EXERCISE OBJECTIVE
Under this line are the records; repeat exactly the lines starting at the one containing "Saatkrähe / Sichtung" and ending at the one containing "Fonsi - Glückspilz", omitting pictures.

--- PROVIDED MATERIAL ---

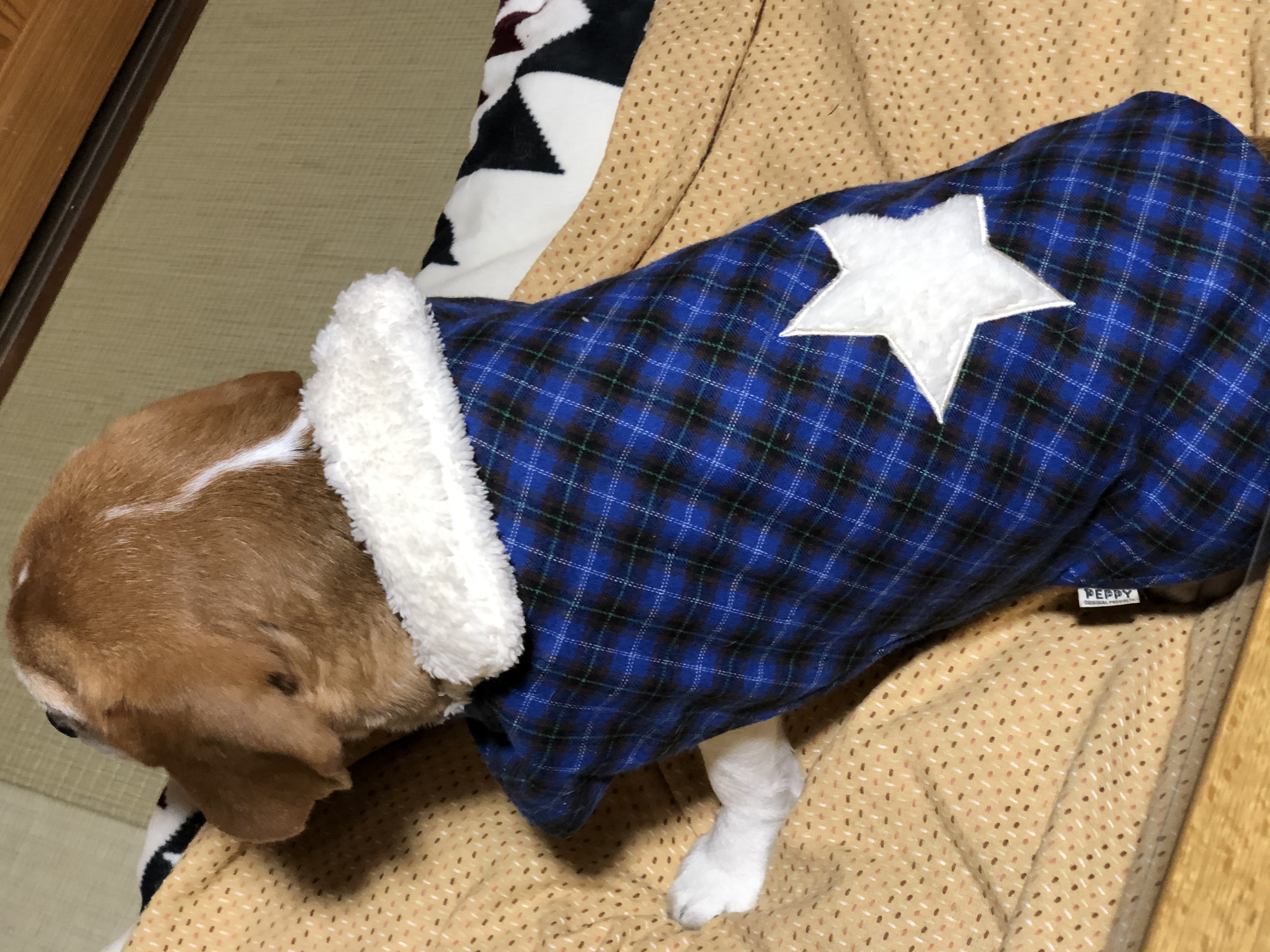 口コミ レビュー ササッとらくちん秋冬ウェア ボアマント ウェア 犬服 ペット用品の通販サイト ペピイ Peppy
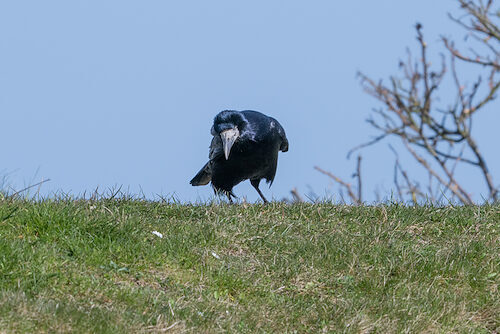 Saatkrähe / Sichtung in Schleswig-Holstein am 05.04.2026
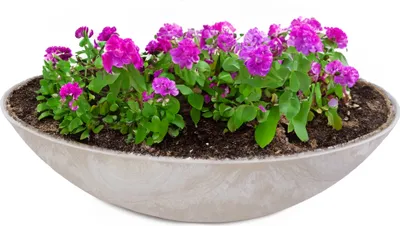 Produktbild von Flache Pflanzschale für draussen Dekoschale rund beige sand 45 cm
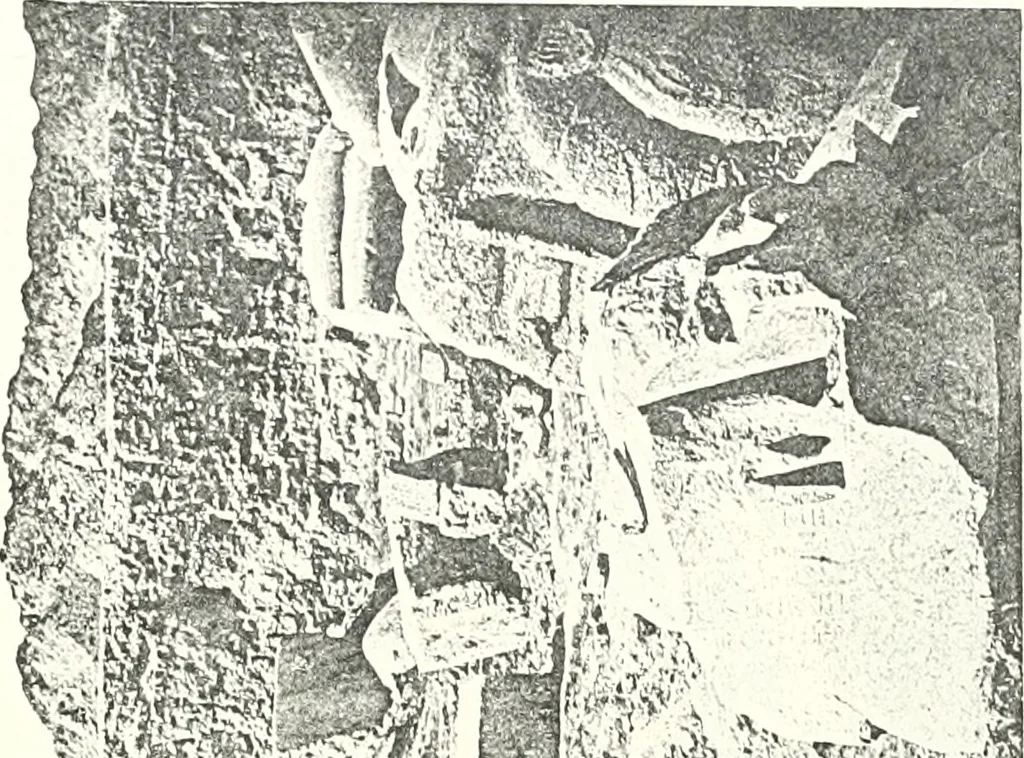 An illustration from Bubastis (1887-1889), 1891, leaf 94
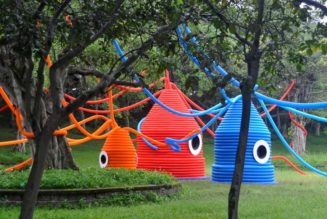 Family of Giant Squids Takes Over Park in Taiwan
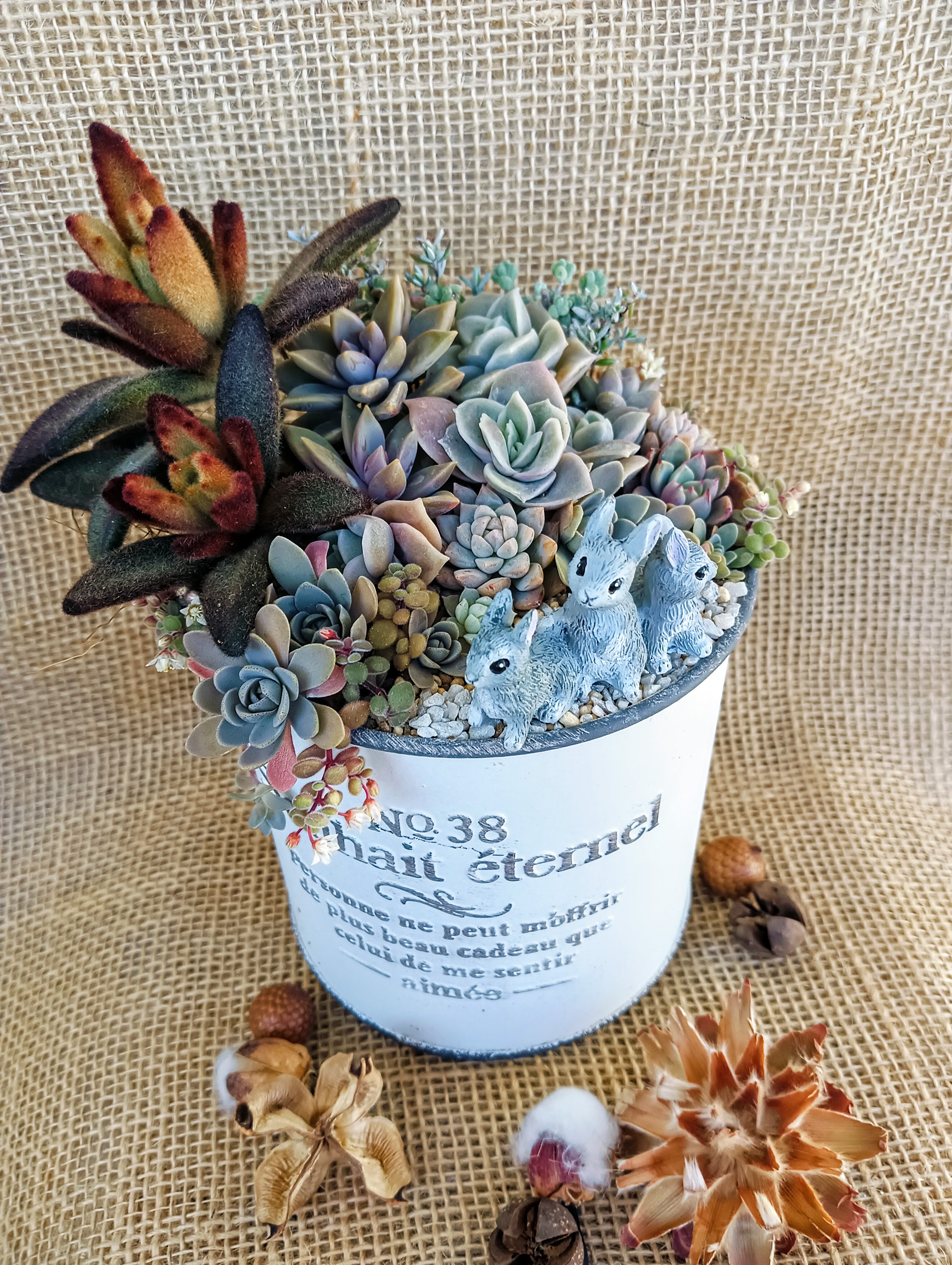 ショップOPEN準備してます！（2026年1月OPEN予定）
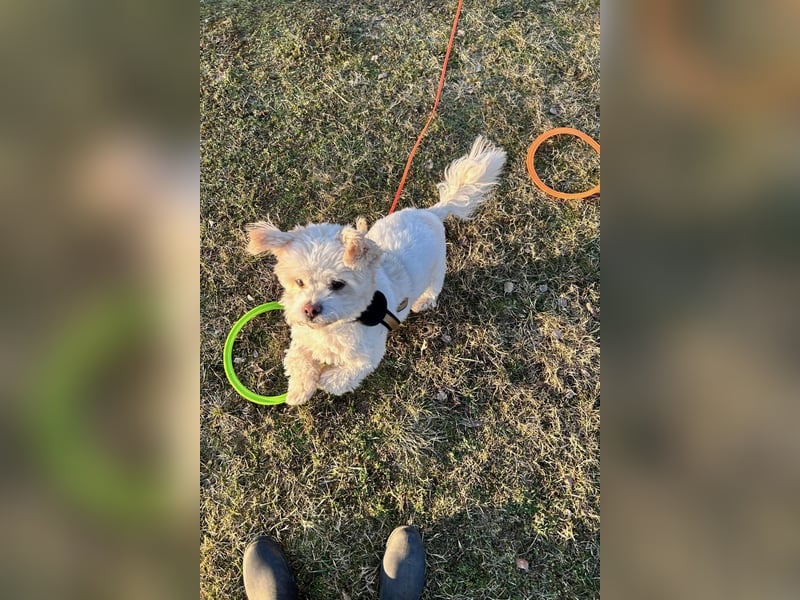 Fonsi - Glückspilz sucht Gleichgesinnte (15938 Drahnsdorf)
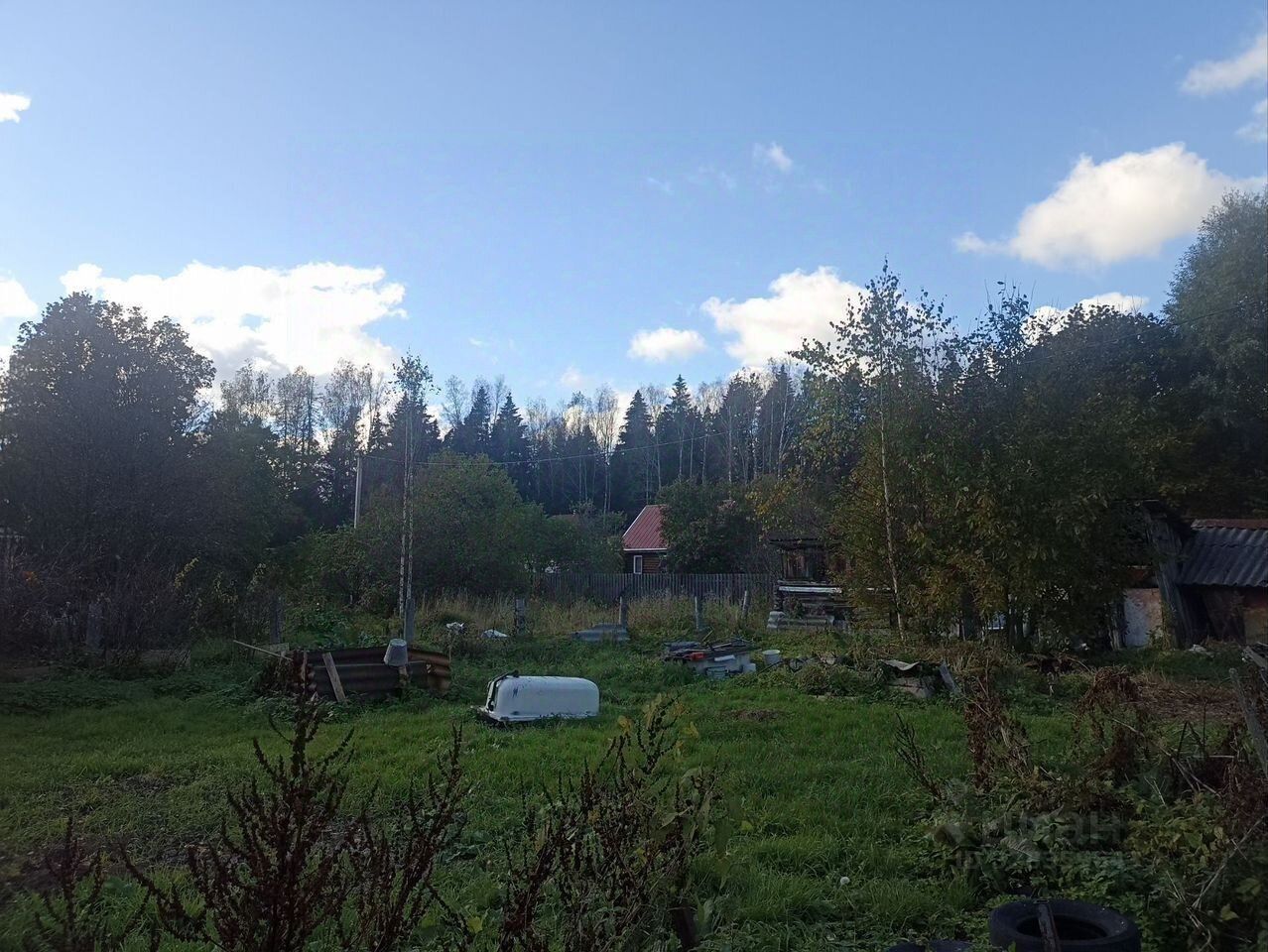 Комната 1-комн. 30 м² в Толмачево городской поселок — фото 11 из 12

---

FINAL ANSWER
 Saatkrähe / Sichtung in Schleswig-Holstein am 05.04.2026
 Produktbild von Flache Pflanzschale für draussen Dekoschale rund beige sand 45 cm
 An illustration from Bubastis (1887-1889), 1891, leaf 94
 Family of Giant Squids Takes Over Park in Taiwan
 ショップOPEN準備してます！（2026年1月OPEN予定）
 Fonsi - Glückspilz sucht Gleichgesinnte (15938 Drahnsdorf)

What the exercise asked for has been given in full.